Business Rhetoric Section

YOUR PERSONAL REVIEW BECOMING YOUR OWN READER

Audience:

What strategies do you observe yourself using to target, appeal to, etc. your specific audience?

Are you, the reader, feeling confident about those strategies being the best to use?

How are you positioning your argument for this audience member in general? 

Organizational Structure:

Could you rehearse your argument and structure verbally from memory? 

Are there sections of your structure that feel out of order, or gratuitous?

Visual Aids:

What aids are you considering?  Are they appropriate? Over the top? Confusing? Too busy? 

Author Investment:

When you step back to observe your work, can you see the level of investment you have put into it?

Executive Summary Source Comparitive Analysis -

Please surf to our site and download the piece on Executive Summaries

Then, please surf to the following website: https://www.garage.com/resources/writing-a-compelling-executive-summary/

After reading both, please come back to your groups and argue for which source you believe is most helpful, and why.
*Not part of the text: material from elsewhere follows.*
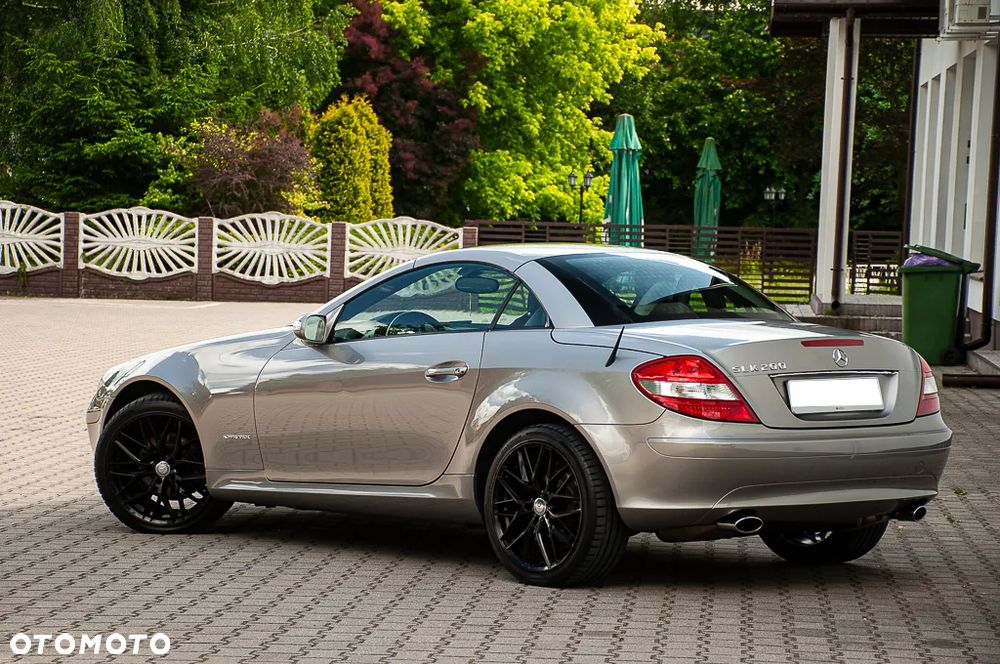 Mercedes-Benz SLK 200 Kompressor - 15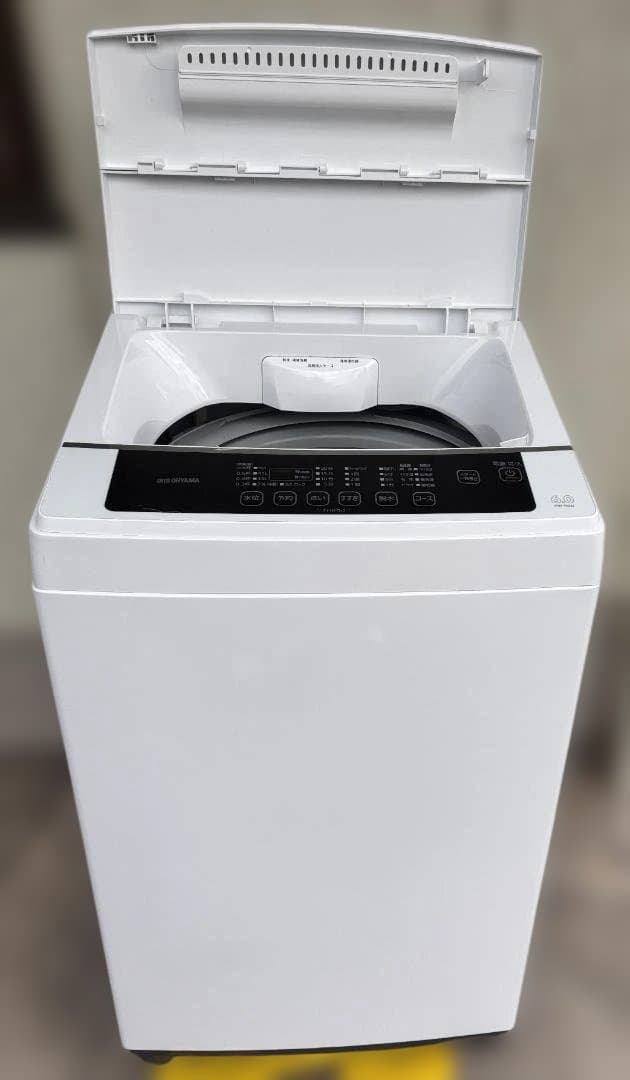 アイリスオーヤマ 全自動洗濯機 6.0kg IAW-T602E 2021年製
Come back ready to discuss. 

Executive Summary - 1 Page

A clear, direct, audience-specific, "elevator pitch" summary of the proposal and the thesis (why your audience should care);

Free of jargon, complicated explanations, etc.;

Should be clear and understandable by those who will not read the whole proposal (as many folks admit to reading only the ES and the conclusion;

See "executive summary" hand out from HBS on our iSite;

Ideally, your ES should be one-page long, but it should be tightly organized and structured, with strong, economical and focused paragraphs.

Cover Letter - 1 page

Make sure to choose the most specific audience you can;

Right away, define and position yourself rhetorically; but more importantly, indicate why you are writing to him/her specifically....this last is one of the most powerful moves you can make;

Very briefly summarize your proposal;

Cite the key benefits thereto;

Cite any key challenges or obstacles that might arise and then refute them;

Ask the recipient to consider, approve, fund, clear, etc. your proposal;

Provide contact information for follow-up.

Things to consider -

Is the cover letter engaging and rhetorically positioned to reach a very specific audience?
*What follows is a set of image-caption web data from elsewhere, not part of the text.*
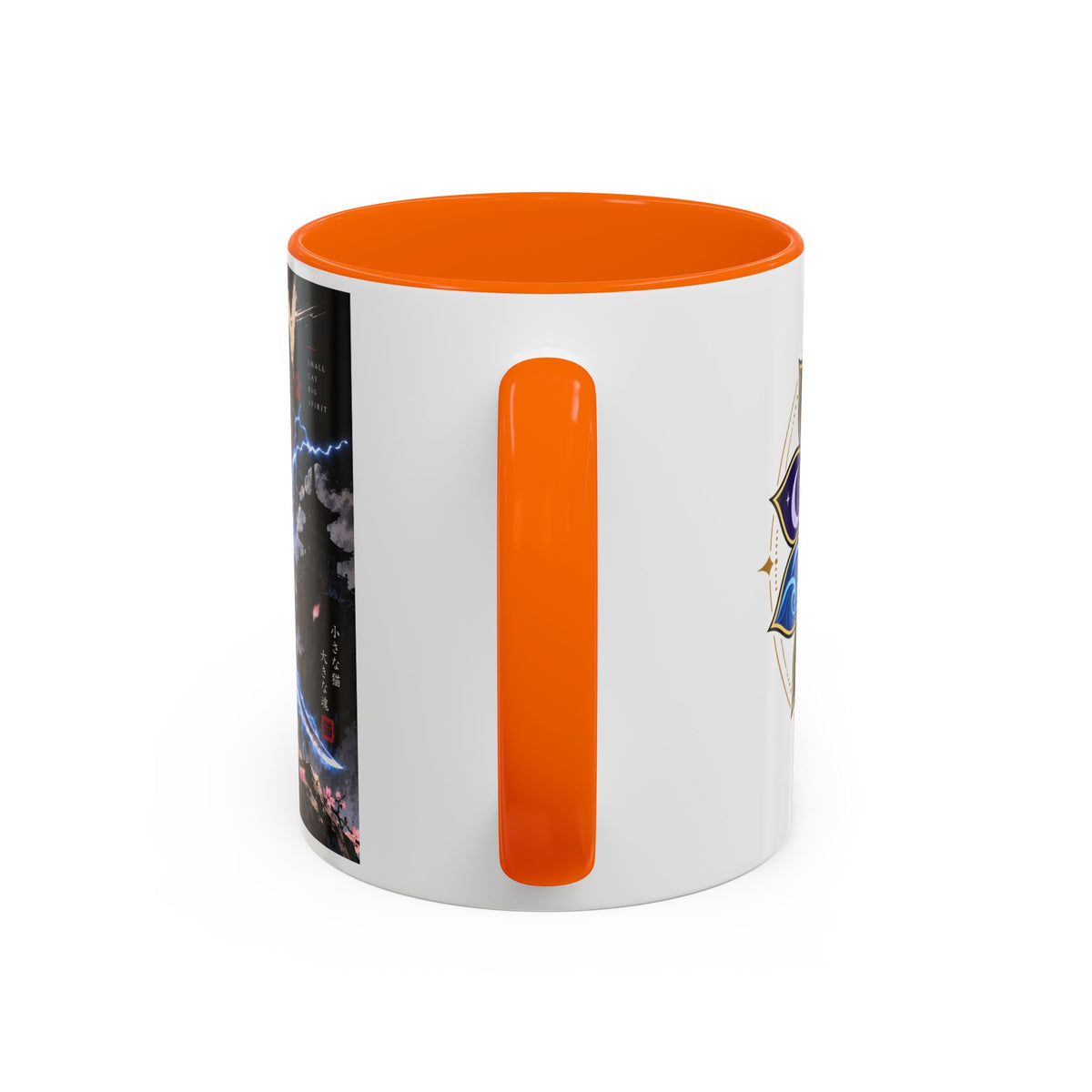 RAIDEN ⚡ — The Lightning Samurai Accent Coffee Mug (11, 15oz)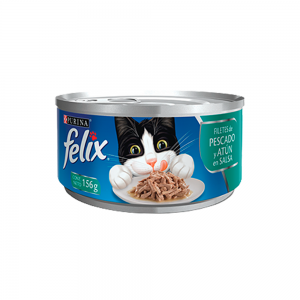 Felix Filete de Pescado & Atun Salsa, 156 g (5.5 oz)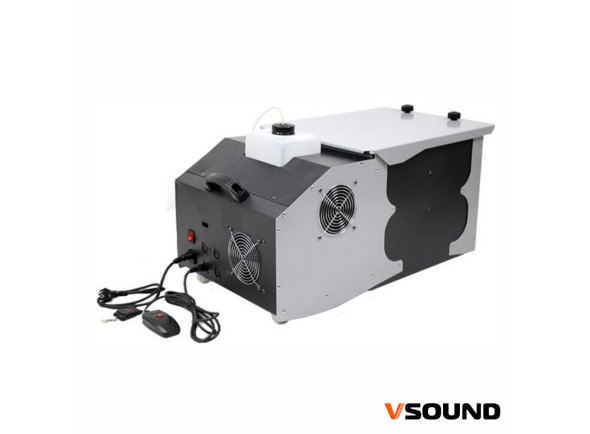 VSOUND Máquina de Fumos Low Fog 3000W DMX E Comando VSOUND Máquina de Fumos Low Fog 3000W DMX E Comando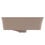 Immagine di Ideal Standard IPALYSS lavabo da appoggio 65 cm, con troppopieno, colore kashmir finitura opaco E1887V4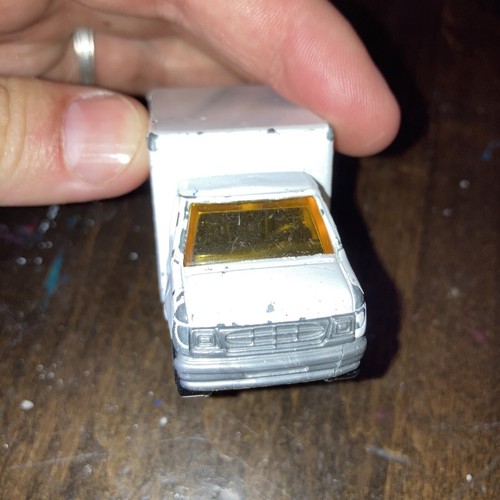 Vintage Matchbox Fire Department 54 Ford Box Truck Van 1998 1/80 scale See Desc - Picture 4 of 5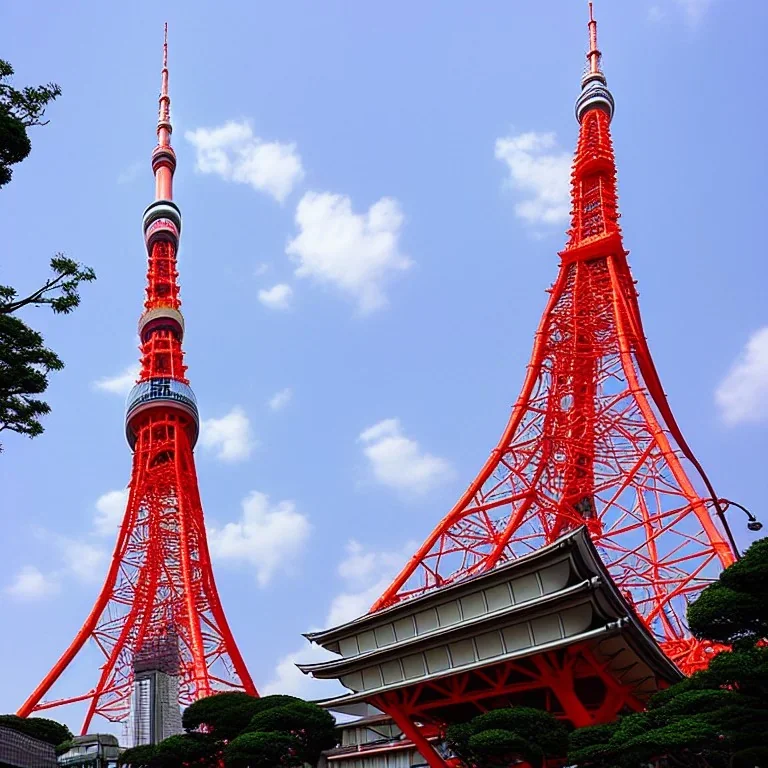 anime tokyo tower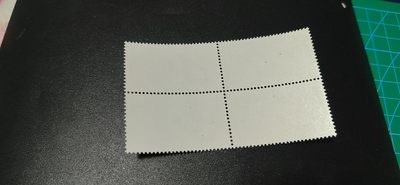 德国邮票专场，都是四方联 德国邮票四方连，1987年东德淡水鱼类，品相如图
How so? How not so? BE SPECIFIC

By the time you have read the Executive Summary your reader should know EXACTLY what problem or opportunity you are addressing, and you should know exactly what he/she will be asking for...

Are the body sections clear, direct, focused, in the most efficient order?

Are the graphics smart and well-positioned?

Does the conclusion fall flat, or resonate?

Is there material that might be better served in the appendices?  What is in the appendices and why?

Body Sections -

Do you have a reason for placing them in the order you have placed them in?

Do you understand how they relate to one another?

Are they clear, focused, economical?

Are you lost throughout and just cramming information in there, or do you feel a firm sense of the "map" you have created?

Conclusions - 1 page

Proposal Conclusions are more contained than those of our CEO reports, but I would still suggest that a wider vision will be compelling.

Again, make sure to be highly audience-aware as you conclude, and keep in mind what will interest, and/or persuade, your specific audience most.

Finally, make sure to re-emphasize your "ask" and/or your purpose in writing the proposal.